Abbiamo progettato il catalogo Emilio Vedova. Disegni, a cura di Germano Celant, realizzato in occasione dell’omonima mostra al Magazzino del Sale a Venezia. Il volume nasce a dieci anni dalla scomparsa di Emilio e Annabianca Vedova, ricordati anche attraverso la loro frase ricorrente: «Ogni giorno è un giorno», un modo semplice e operoso di celebrare la vita e il lavoro, lontano da ogni mondanità.
Il progetto editoriale segue un percorso linguistico che attraversa l’opera grafica di Vedova, dal figurale all’informe. Il catalogo raccoglie disegni realizzati con tecniche diverse — inchiostro, pastello, carboncino e grafite — testimoniando la forza del gesto e la libertà del segno.

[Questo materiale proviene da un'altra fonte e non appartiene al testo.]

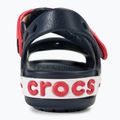 Crocs Crockband Kids Sandal navy/red 6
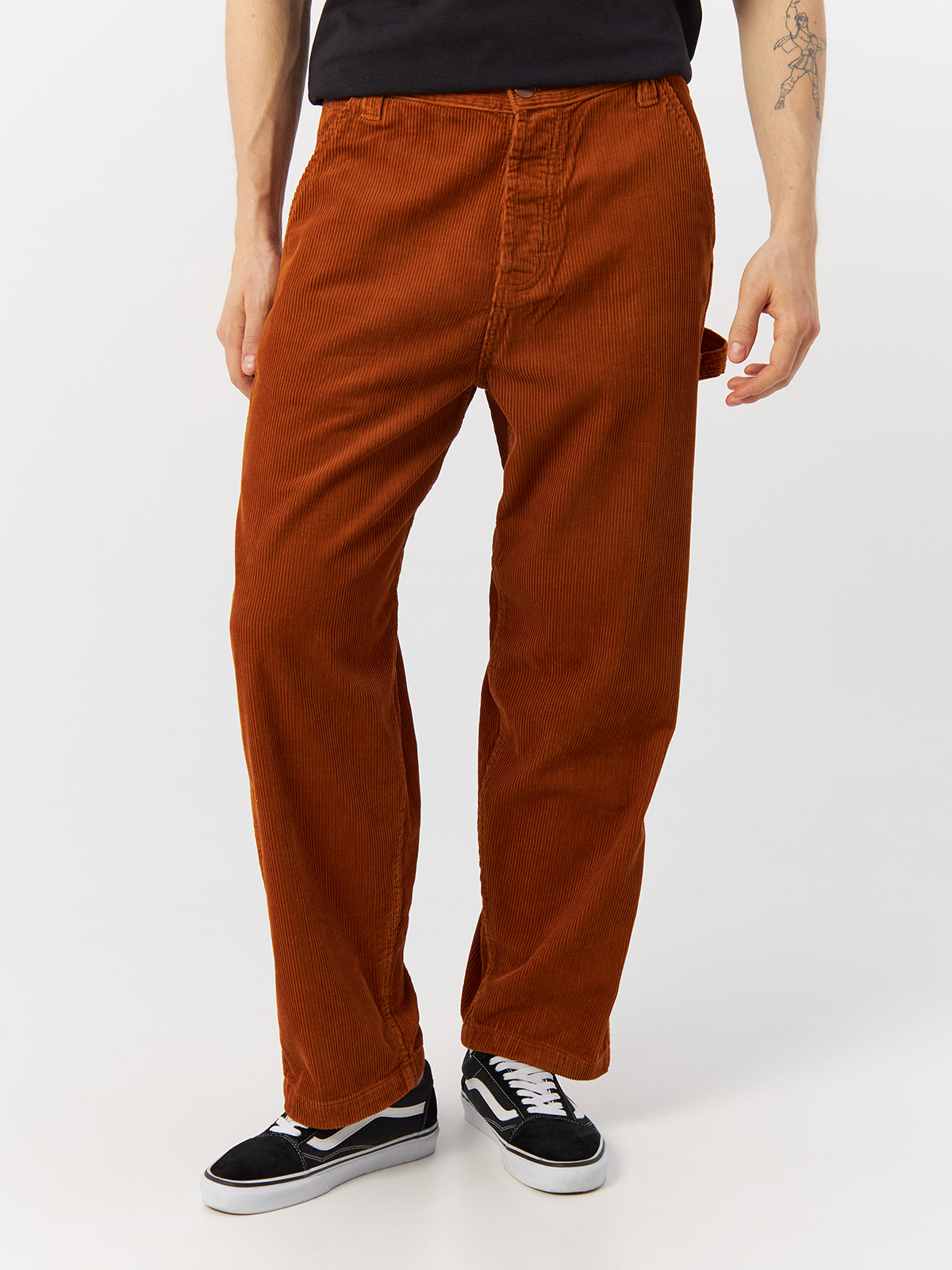 

Брюки мужские Wrangler 112324516 коричневые 36/32, Коричневый, 112324516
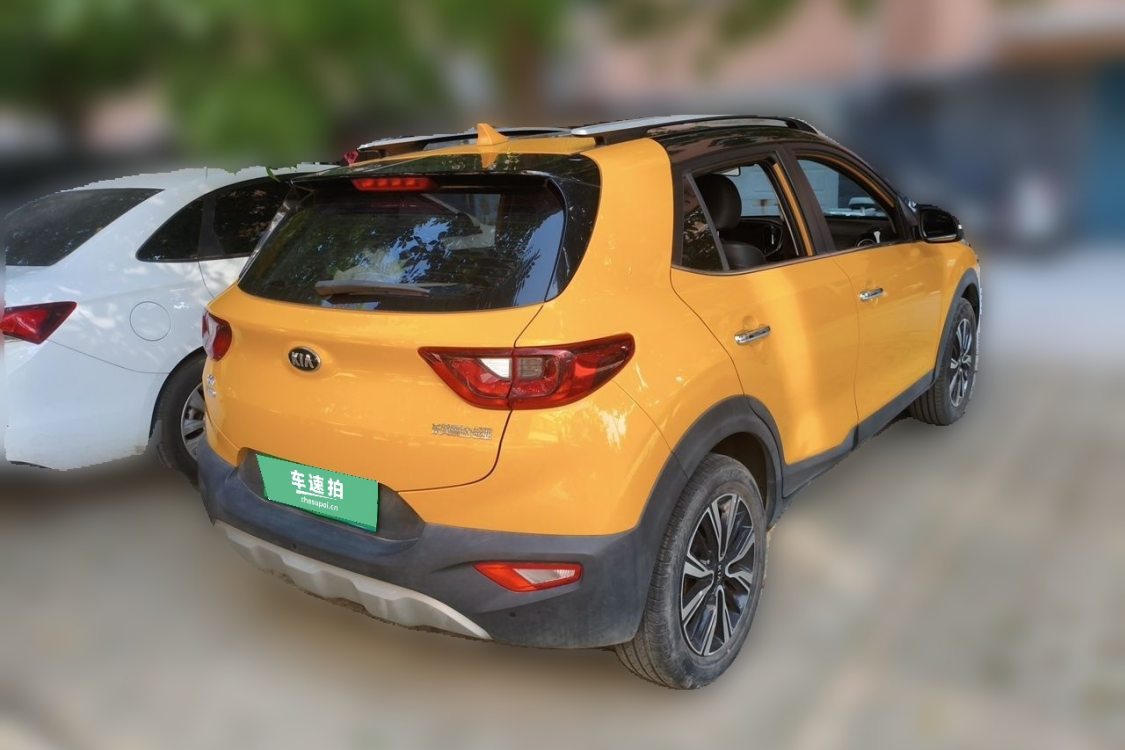 Kia KX1 2018 #4 Kia KX1 2018 صورة سيارة #4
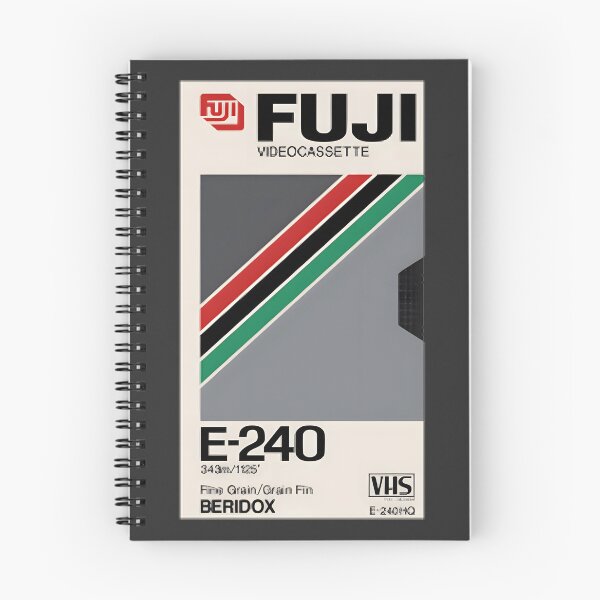 Item preview, Retro Fuji Vhs Tape Design | Limited Edition designed and sold by CgBubble.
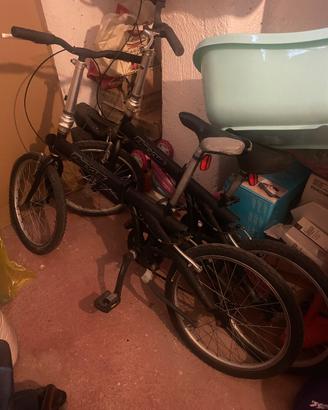 Bicicletta pieghevole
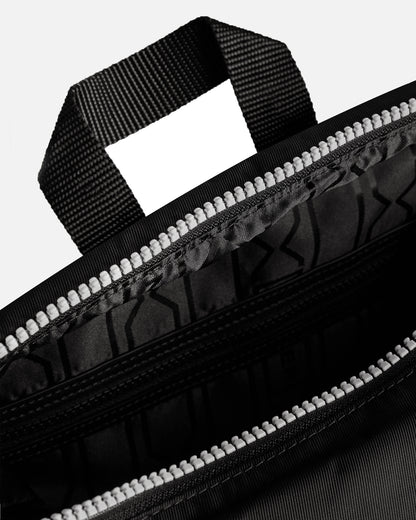 Hunter Nylon Large Topclip Backpack - Black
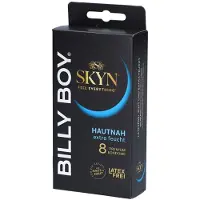 Mapa Billy BOY Skyn hautnah extra feucht 8 St Kondome
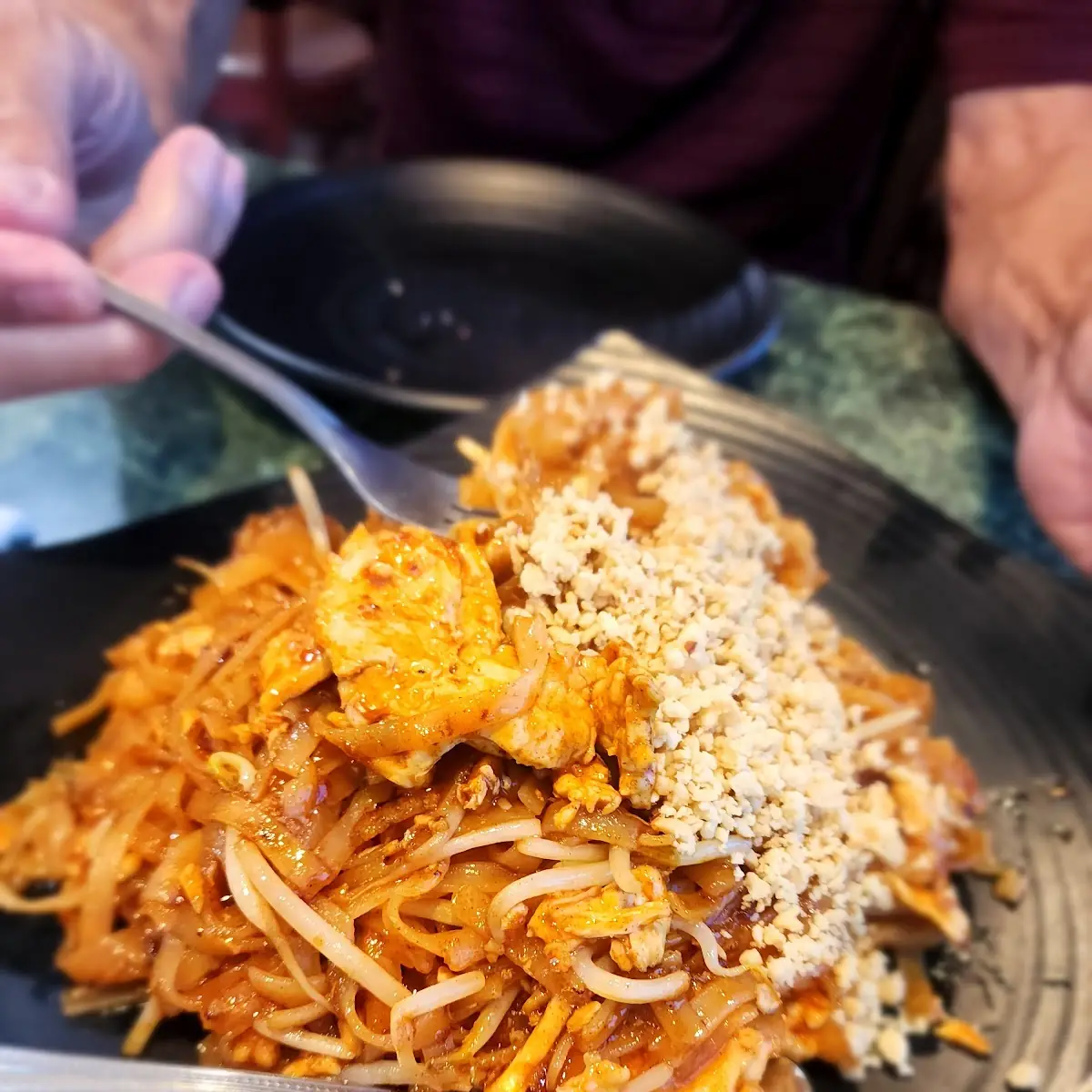 Chicken Pad Thai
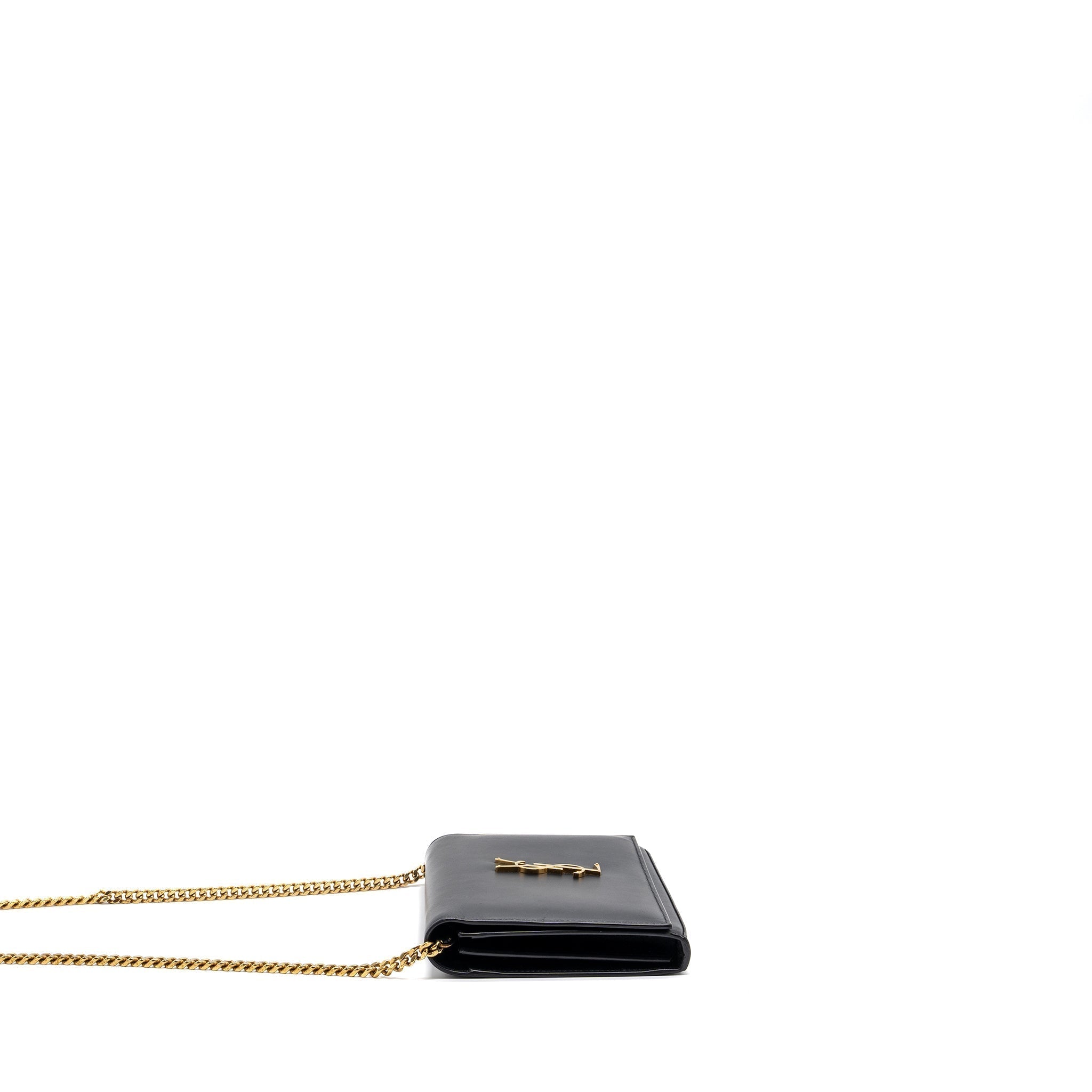 saint-laurent-flap-chain-bag-lambskin-black-ghw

Abbiamo sviluppato un progetto grafico essenziale, pensato per accompagnare questa intensità espressiva senza sovrapporsi ad essa. Il libro diventa così uno spazio di osservazione del disegno, dove il segno di Vedova emerge come atto poetico e storico, capace di confrontarsi con la realtà e di spingersi oltre i limiti della forma.